Data from Sweden suggest that the conversion to ICD-10 may have been associated with important discontinuities in observed rates at the mechanism/cause level.6 To interpret injury morbidity data across the transition from ICD-9-CM to ICD-10-CM in the USA, it would be helpful to understand any differences in how the same records would be classified using the ICD-9-CM and ICD-10-CM matrices. We were able to obtain such dually coded data from two large academic trauma centres and apply both matrices to estimate comparability ratios (CRs) and identify potential reasons for discrepant classification of mechanism/cause.
Dually coded data
Hospital inpatient discharge data independently coded according to ICD-9-CM and ICD-10-CM Official Guidelines for Coding and Reporting in two university medical centres located in California (MCA) and in the Midwest (MCB) were used for this study. These data were generated in the ordinary course of business, as part of the process of training and supervising professional coders and predicting the local financial impact of the code set conversion.
At MCA, dual coding was usually done by the same coder, during the same reading of the original record, although in some cases, ICD-10-CM coding was performed by a different coder after the ICD-9-CM coded claim had been submitted. All professional coders at MCA had sufficient experience with ICD-10-CM to be classified as proficient in ICD-10-CM coding. A deidentified version of this dually coded dataset with 5167 systematically sampled records from September 2014 through September 2015 was obtained. From this dataset, 335 records that were originally coded as inpatient claims but later reconciled as ‘observation stay’ or ambulatory claims were excluded, leaving 4832 records for analysis.
At MCB, dual coding was typically done by different coders after the ICD-9-CM coded claim had been submitted. The prior ICD-9-CM coding was not available to the coders performing ICD-10-CM coding. All professional coders were internally trained in ICD-10-CM and had sufficient experience to be classified as proficient in ICD-10-CM. A deidentified version of this dually coded dataset with 5305 systematically sampled records from 2011 and 2012 was obtained. From this dataset, 94 records were excluded because of the absence of valid diagnosis codes, leaving 5211 inpatient records for analysis.
The University of California Davis Institutional Review Board (ID=9 86 385) determined that this study did not involve human subjects at either site.

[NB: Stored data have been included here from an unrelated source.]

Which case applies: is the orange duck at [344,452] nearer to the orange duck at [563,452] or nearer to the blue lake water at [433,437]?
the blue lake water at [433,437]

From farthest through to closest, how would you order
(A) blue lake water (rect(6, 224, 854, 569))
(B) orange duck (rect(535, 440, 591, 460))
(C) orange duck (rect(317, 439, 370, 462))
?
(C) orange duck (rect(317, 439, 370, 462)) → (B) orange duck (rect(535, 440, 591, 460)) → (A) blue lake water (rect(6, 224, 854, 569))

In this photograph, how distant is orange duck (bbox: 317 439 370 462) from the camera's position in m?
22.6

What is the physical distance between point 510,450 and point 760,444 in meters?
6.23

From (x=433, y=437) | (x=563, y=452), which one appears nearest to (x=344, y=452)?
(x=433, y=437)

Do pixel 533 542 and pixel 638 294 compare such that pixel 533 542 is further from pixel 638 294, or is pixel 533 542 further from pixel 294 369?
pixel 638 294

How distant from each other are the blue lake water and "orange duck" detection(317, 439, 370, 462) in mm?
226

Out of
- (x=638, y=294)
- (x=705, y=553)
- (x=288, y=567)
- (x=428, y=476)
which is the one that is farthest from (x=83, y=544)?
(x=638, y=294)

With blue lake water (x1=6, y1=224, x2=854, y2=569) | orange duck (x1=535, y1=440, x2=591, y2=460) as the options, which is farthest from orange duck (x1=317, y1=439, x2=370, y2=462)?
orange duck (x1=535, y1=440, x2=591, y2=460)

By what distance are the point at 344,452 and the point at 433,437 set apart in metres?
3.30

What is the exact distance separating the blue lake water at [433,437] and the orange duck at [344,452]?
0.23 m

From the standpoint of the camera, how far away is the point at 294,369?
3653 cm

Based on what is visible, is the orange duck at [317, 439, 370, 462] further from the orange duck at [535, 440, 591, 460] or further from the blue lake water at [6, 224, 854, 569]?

Due to unavoidable differences in dual coding methods and time periods, we chose to analyse MCA and MCB data separately.
Tabulation of injury-related hospitalisation data
To describe the dually coded datasets, the numbers of diagnosis (DX) codes, external cause of injury and poisoning codes, and unique codes were summarised at each step of the data preparation and selection process.
The latest version of the SAS Input Statements for ICD-9-CM External Cause of Injury Morbidity Matrix was downloaded from http://www.cdc.gov/nchs/injury/injury_tools.htm and used for analysis of ICD-9-CM data. The latest ICD-9-CM nature-of-injury codes,7 ICD-10-CM surveillance case definition for injury hospitalisations,8 and SAS program for the ICD-10-CM External Cause of Injury Matrix were obtained from the NCHS. The following analysis was carried out in two steps: (1) identifying injury cases based on the presence of specific injury diagnosis codes (table 1) in the principal diagnosis field, and (2) searching for valid external cause of injury codes in the following order: all labelled external cause fields, the principal diagnosis field and diagnosis fields other than principal diagnosis, to identify the first listed valid external cause of injury code and to create a table showing injury mechanism/cause by injury intent.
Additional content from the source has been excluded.